• Task statement: When you copy from the entries that follow, take only the lines from the one with "2005 PDQ 34 Power Catamaran" down to the one with "Photo du bâtiment - 32 Red Fox Pl", keeping both ends and dropping every picture.

• Data for this task:
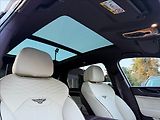 Bentley Bentayga Extended Wheelbase Azure V8 - náhled 23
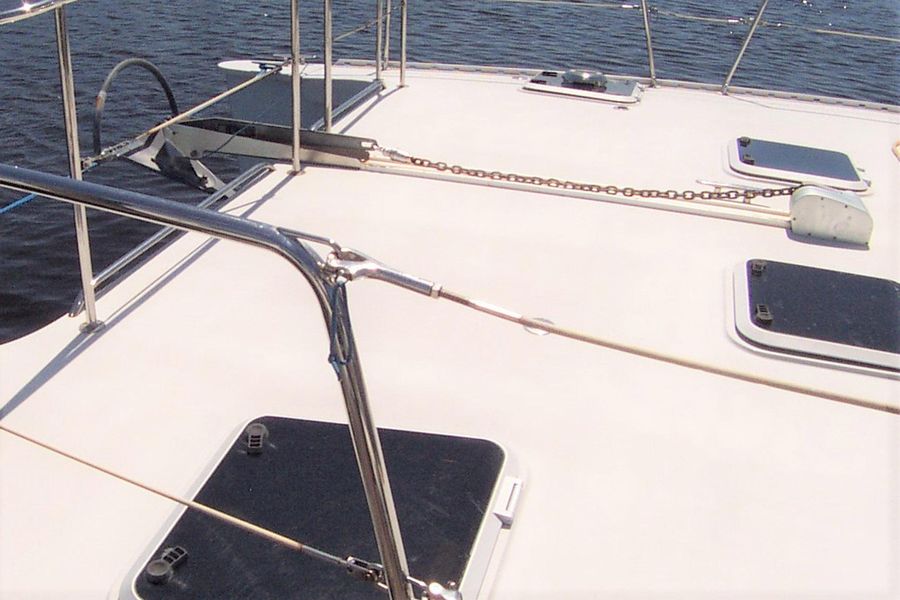 2005 PDQ 34 Power Catamaran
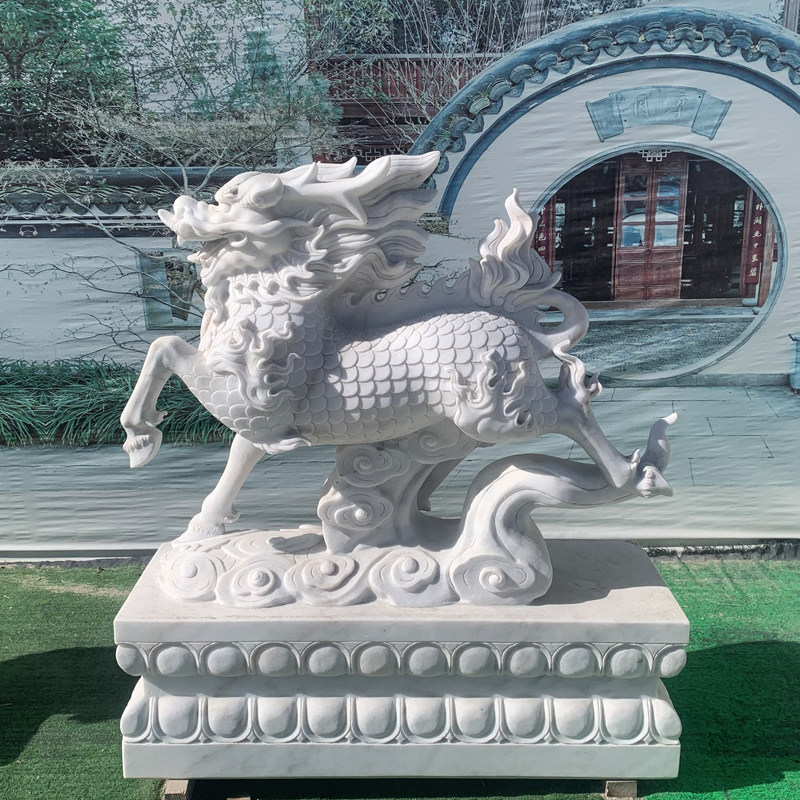 石雕麒麟一对天然汉白玉晚霞红青石瑞兽别墅酒店庭院家用门口摆件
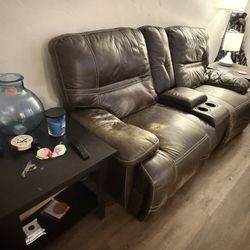 Sofa with end tables (2) and lamps (2)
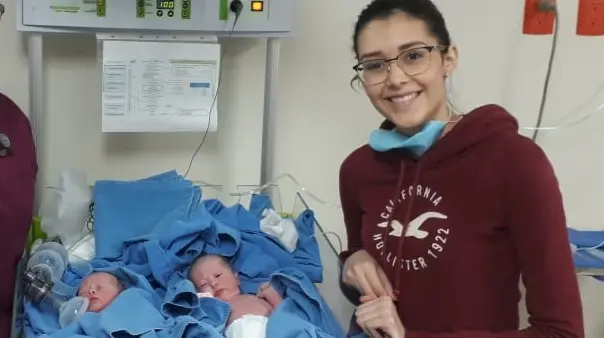 Médico pasante de Huépac atiende con éxito parto de gemelas en una ambulancia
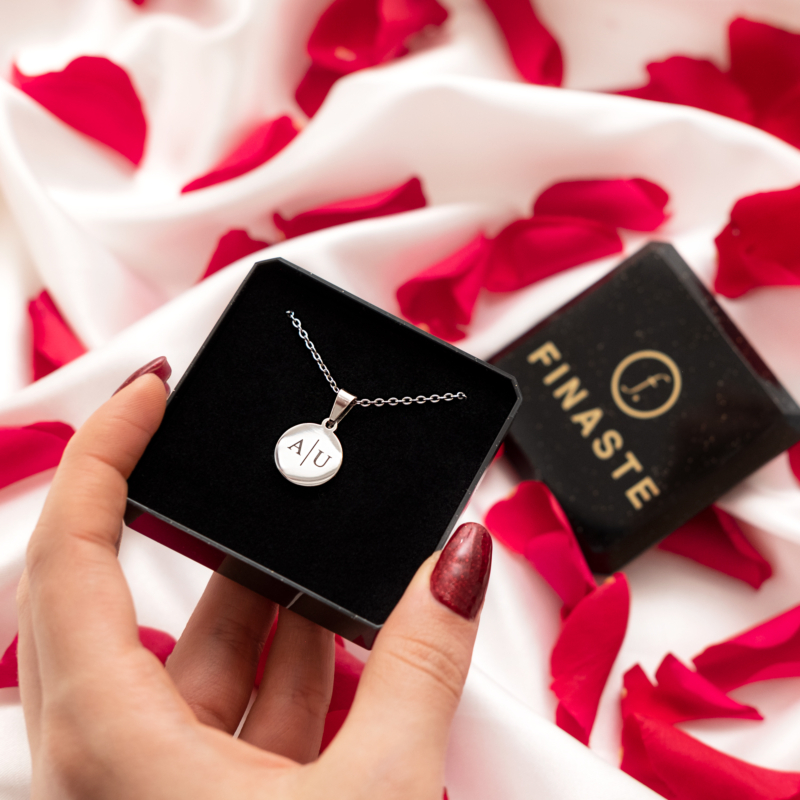 ketting zilver in doosje met roze blaadjes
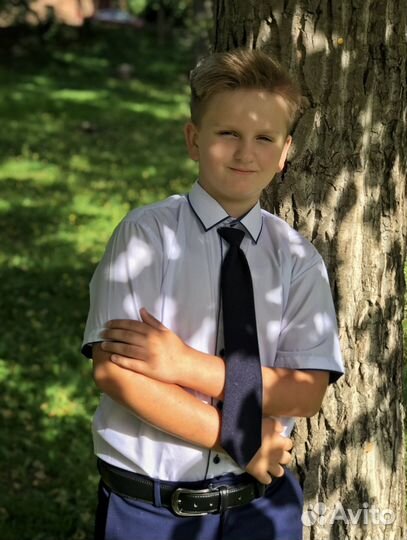 Школьный костюм для мальчика 140 новый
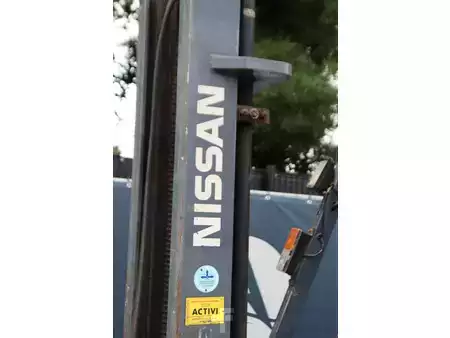 Gas gaffeltruck 1997  Nissan PJ01A18U (12)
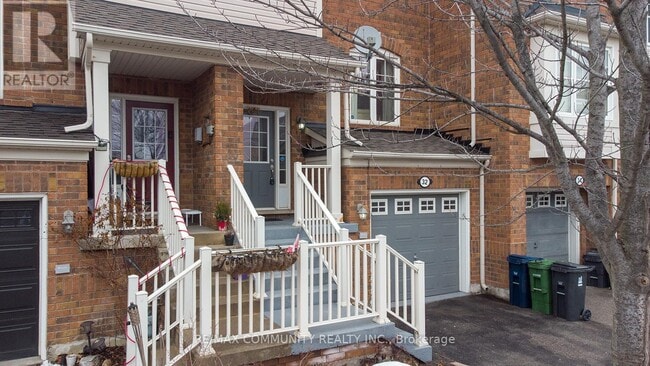 Photo du bâtiment - 32 Red Fox Pl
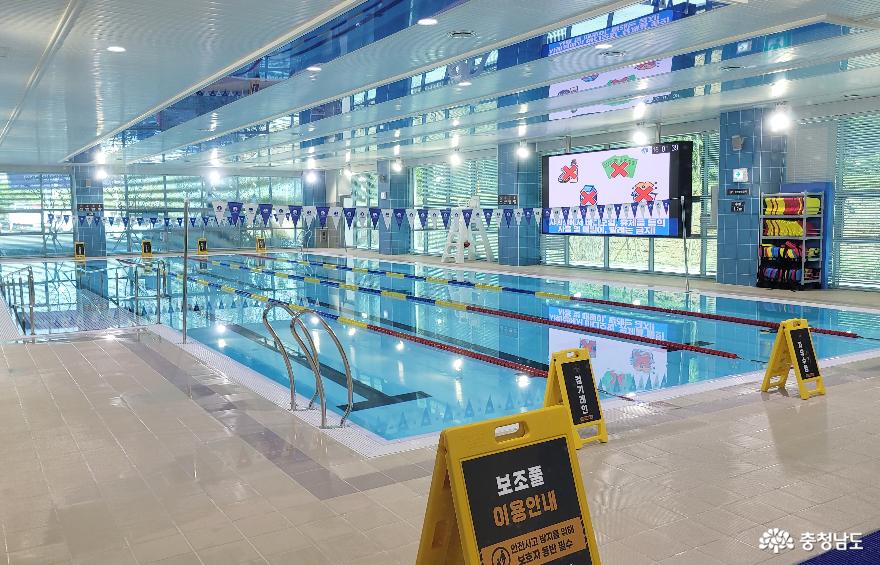 아산시 배방복합커뮤니센터 스포츠센터 수영장. 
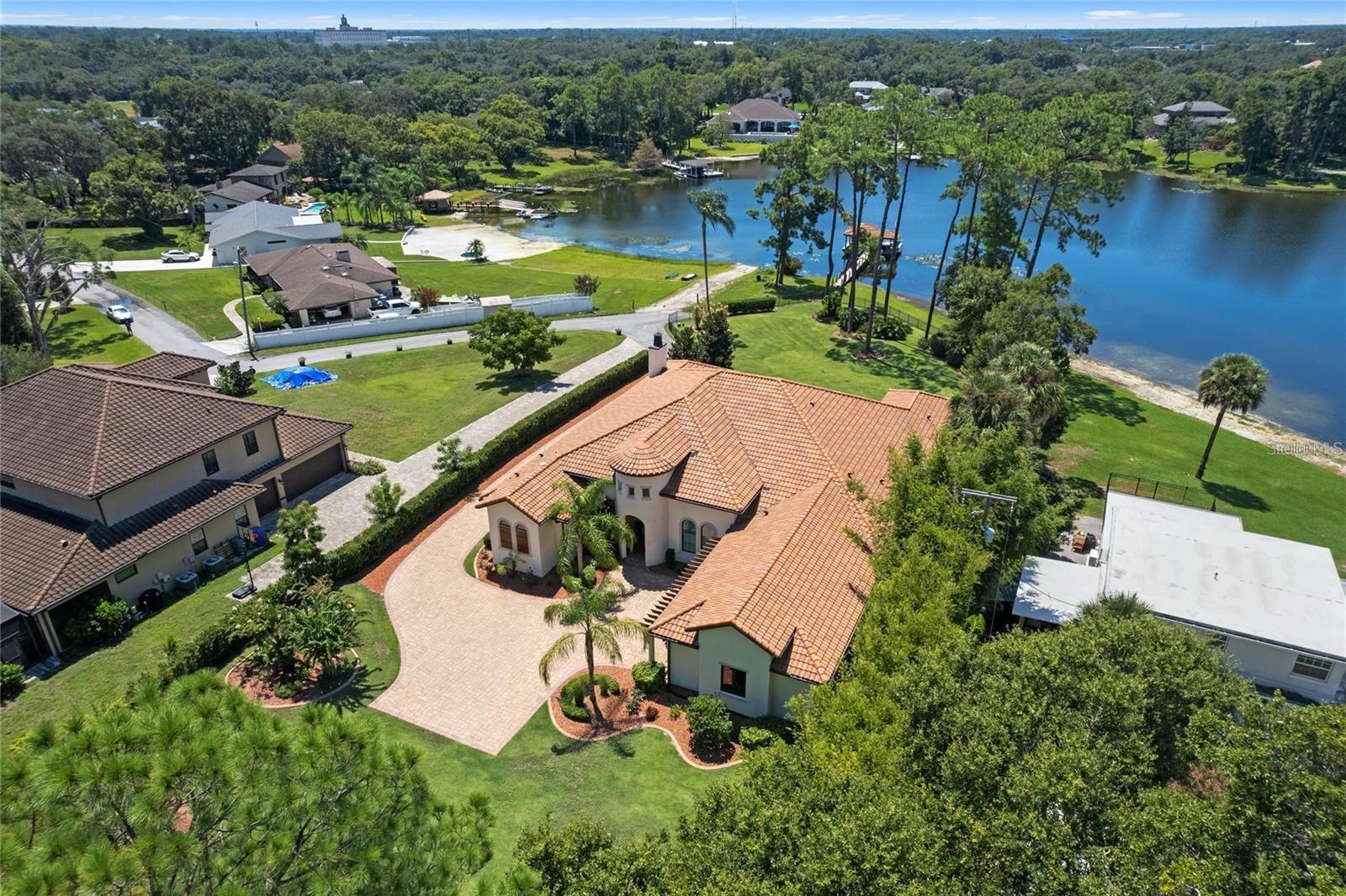 WATERSIDE - Residential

• Answer to this exercise:
 2005 PDQ 34 Power Catamaran
 石雕麒麟一对天然汉白玉晚霞红青石瑞兽别墅酒店庭院家用门口摆件
 Sofa with end tables (2) and lamps (2)
 Médico pasante de Huépac atiende con éxito parto de gemelas en una ambulancia
 ketting zilver in doosje met roze blaadjes
 Школьный костюм для мальчика 140 новый
 Gas gaffeltruck 1997  Nissan PJ01A18U (12)
 Photo du bâtiment - 32 Red Fox Pl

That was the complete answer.